> _Information supplied_

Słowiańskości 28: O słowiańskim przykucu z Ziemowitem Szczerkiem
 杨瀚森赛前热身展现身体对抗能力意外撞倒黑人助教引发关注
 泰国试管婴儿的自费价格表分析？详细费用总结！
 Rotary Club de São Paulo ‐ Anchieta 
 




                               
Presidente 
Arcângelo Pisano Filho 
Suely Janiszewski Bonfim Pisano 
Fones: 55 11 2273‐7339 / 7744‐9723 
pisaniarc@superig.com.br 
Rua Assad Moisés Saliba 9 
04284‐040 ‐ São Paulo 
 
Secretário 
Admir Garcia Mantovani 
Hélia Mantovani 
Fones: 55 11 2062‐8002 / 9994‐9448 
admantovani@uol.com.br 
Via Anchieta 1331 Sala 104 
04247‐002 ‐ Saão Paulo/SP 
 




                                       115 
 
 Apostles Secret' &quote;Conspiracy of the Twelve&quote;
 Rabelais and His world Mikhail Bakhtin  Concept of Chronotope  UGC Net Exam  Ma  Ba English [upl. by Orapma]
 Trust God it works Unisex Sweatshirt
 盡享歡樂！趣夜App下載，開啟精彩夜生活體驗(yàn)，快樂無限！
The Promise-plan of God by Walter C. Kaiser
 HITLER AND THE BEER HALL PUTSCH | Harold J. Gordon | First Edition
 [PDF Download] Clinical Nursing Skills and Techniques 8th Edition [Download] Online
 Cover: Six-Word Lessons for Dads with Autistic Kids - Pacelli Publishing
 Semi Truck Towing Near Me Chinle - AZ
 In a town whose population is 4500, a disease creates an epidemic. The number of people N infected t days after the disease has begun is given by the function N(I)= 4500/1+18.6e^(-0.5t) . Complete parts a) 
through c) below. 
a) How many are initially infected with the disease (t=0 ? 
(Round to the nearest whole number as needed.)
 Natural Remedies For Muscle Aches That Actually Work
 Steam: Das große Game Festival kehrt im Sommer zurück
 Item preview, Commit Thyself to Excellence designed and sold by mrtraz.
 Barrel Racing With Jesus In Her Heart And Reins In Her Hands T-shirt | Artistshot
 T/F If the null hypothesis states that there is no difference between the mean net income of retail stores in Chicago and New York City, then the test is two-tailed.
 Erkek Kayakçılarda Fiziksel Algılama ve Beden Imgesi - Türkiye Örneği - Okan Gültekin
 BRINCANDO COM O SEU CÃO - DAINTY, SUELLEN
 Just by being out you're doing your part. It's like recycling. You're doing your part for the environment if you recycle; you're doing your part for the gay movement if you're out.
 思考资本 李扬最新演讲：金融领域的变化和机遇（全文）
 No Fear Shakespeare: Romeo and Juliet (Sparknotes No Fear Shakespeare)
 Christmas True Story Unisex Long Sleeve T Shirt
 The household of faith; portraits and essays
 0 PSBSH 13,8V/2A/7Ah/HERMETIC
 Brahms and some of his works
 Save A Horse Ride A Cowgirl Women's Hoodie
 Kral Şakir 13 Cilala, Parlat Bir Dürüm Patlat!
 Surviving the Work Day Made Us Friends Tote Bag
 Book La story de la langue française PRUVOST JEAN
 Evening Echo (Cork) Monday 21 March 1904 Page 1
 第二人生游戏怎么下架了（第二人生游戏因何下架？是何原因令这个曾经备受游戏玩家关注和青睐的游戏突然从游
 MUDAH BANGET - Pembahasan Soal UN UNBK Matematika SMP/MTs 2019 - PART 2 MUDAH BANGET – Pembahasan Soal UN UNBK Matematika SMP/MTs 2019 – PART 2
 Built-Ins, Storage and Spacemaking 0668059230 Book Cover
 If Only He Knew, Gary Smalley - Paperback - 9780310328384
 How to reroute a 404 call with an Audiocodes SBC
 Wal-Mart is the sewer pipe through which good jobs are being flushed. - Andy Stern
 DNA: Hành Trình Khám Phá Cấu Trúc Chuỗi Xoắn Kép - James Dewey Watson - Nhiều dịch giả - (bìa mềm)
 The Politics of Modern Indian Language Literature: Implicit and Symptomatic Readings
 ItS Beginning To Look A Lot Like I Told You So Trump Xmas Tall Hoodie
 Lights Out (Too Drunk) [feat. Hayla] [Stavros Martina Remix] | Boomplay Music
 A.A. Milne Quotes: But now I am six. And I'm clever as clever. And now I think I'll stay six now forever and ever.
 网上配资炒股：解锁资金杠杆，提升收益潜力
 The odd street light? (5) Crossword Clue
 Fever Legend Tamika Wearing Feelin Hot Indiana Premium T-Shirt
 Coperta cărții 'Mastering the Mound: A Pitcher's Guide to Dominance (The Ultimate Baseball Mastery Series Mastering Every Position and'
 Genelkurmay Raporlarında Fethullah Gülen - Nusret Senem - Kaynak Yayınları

> _The problem_
Where the line holding "Erkek Kayakçılarda Fiziksel" appears in the listing above, start reproducing exactly, and end with the line holding "No Fear Shakespeare: Romeo".

> _Finished exercise_
 Erkek Kayakçılarda Fiziksel Algılama ve Beden Imgesi - Türkiye Örneği - Okan Gültekin
 BRINCANDO COM O SEU CÃO - DAINTY, SUELLEN
 Just by being out you're doing your part. It's like recycling. You're doing your part for the environment if you recycle; you're doing your part for the gay movement if you're out.
 思考资本 李扬最新演讲：金融领域的变化和机遇（全文）
 No Fear Shakespeare: Romeo and Juliet (Sparknotes No Fear Shakespeare)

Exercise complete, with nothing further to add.